The answer, which might be surprising to many, is that the fund has no GBP exposure, even though it is denominated in GBP. Instead, its exposure would have been to the currencies of the underlying assets – that is, the Asian equities that the fund is buying.

This is an important concept to understand because currency exposure can make a big difference in investment returns. For example, let’s say I had S$1000 invested in the UK stock market index ETF, denominated in GBP. During Brexit, GBP plunged in value from 2 SGD to about 1.8 SGD in less than a week. This would have resulted in a painful 10% loss for my position due to currency depreciation. In this case, I was exposed to GBP depreciating against the SGD, and was punished for it. (see Fig.1a )

But what if, instead of the UK stock market index, my S$1000 was invested in the Singapore stock index, but denominated in GBP (let’s just assume such an ETF exists on the London Stock Exchange)? Then, when GBP drops from 2 SGD to 1.8 SGD, my Singapore stocks would have gone up in value in GBP terms. This gain would exactly counteract the currency loss, resulting in a net effect of exactly zero – my S$1000 investment still remains valued at S$1000 (see Fig.1b)

Take a step back from the numbers for a bit and you will see that this makes intuitive sense. As a Singapore-based investor, invested in Singapore equities, it doesn’t matter whether I express the value of my Singapore investment in pounds, euros or US dollars. My S$1000 still remains S$1000 no matter how the other currencies move; my currency exposure is only to the underlying asset currency, which is SGD.

Similarly, if the S$1000 was invested in Malaysian equities, it doesn’t matter whether the value of these equities is in a fund that is denominated in pounds, euros or any other currency.

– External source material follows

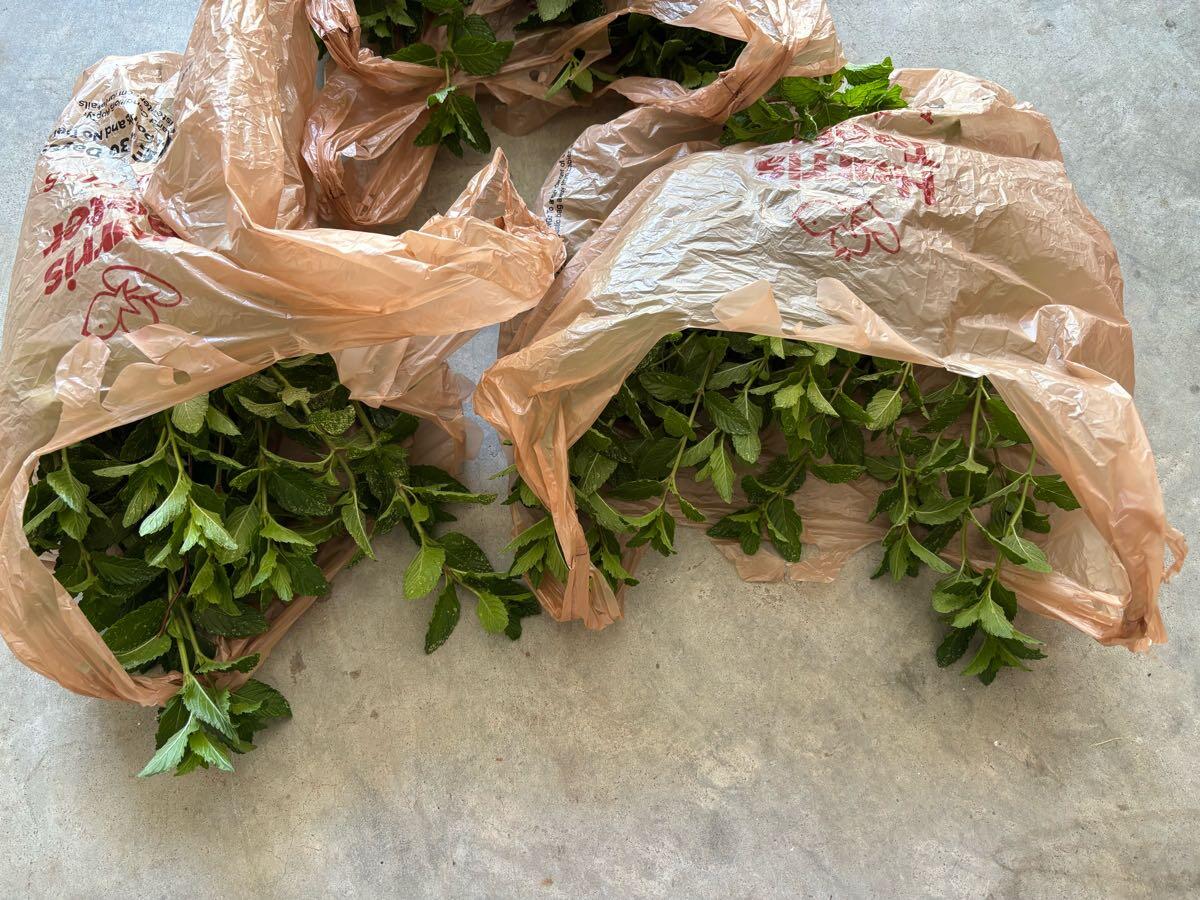 Fresh Mint Leaves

What matters is only how the underlying asset currency – the Malaysian ringgit – moves against the Singapore dollar (see Fig. 1c).

This result has important implications for investors in mutual funds and ETFs. For example, the Singapore stock exchange has many ETFs that are denominated in USD. The DB x-trackers MSCI Europe ETF is denominated in USD but your exchange rate risk is EUR/SGD. The iShares MSCI India is also a USD ETF but the underlying exposure is to the Indian Rupee. So one can safely invest in these without worrying about potential exposure appreciation or depreciation of the US dollar against the Singapore dollar (although one is always still exposed to the underlying asset currency).

Less obviously, but just as importantly, one has to be very careful when dealing with hedged share classes of mutual funds. A hedged share class only protects against currency exposures if the underlying asset currency is the same as the fund currency. For example, according to its factsheet, the Nikko AM Japan Dividend Equity fund invests in Japanese equities and is denominated in Japanese Yen (JPY). In this case, because the underlying exposure is JPY/SGD, a SGD-hedged share class would shield a Singapore-based investor from currency exposure since the hedge protects against JPY/SGD movements.

But a hedged share class cannot fully protect against currency exposure if the underlying asset currency is different from the fund currency. Consider a China equity fund denominated in USD. Since the underlying asset is Chinese equities, the unhedged share class is exposed to movements between SGD and the Chinese Yuan (CNY). Even if the fund has an SGD-hedged share class, the hedge would be between SGD/USD, not SGD/CNY. The result of the mismatch between the hedge and the actual exposure is that the SGD-hedged share class still has a currency exposure, but it is to USD/CNY movements, which is likely not what is intended by most investors.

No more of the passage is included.